Items from a dataset:
....

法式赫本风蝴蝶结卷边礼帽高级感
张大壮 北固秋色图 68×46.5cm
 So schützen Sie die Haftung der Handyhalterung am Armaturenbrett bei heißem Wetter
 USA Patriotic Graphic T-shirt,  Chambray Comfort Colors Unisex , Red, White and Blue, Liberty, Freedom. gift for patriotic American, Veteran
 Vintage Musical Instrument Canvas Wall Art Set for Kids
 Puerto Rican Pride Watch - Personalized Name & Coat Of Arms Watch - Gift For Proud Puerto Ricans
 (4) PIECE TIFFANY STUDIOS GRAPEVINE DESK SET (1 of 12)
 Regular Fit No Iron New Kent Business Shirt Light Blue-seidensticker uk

....

WORK INSTRUCTIONS
Please write out all the data above, exactly as it reads.

RESPONSE TO THE TASK
法式赫本风蝴蝶结卷边礼帽高级感
张大壮 北固秋色图 68×46.5cm
 So schützen Sie die Haftung der Handyhalterung am Armaturenbrett bei heißem Wetter
 USA Patriotic Graphic T-shirt,  Chambray Comfort Colors Unisex , Red, White and Blue, Liberty, Freedom. gift for patriotic American, Veteran
 Vintage Musical Instrument Canvas Wall Art Set for Kids
 Puerto Rican Pride Watch - Personalized Name & Coat Of Arms Watch - Gift For Proud Puerto Ricans
 (4) PIECE TIFFANY STUDIOS GRAPEVINE DESK SET (1 of 12)
 Regular Fit No Iron New Kent Business Shirt Light Blue-seidensticker uk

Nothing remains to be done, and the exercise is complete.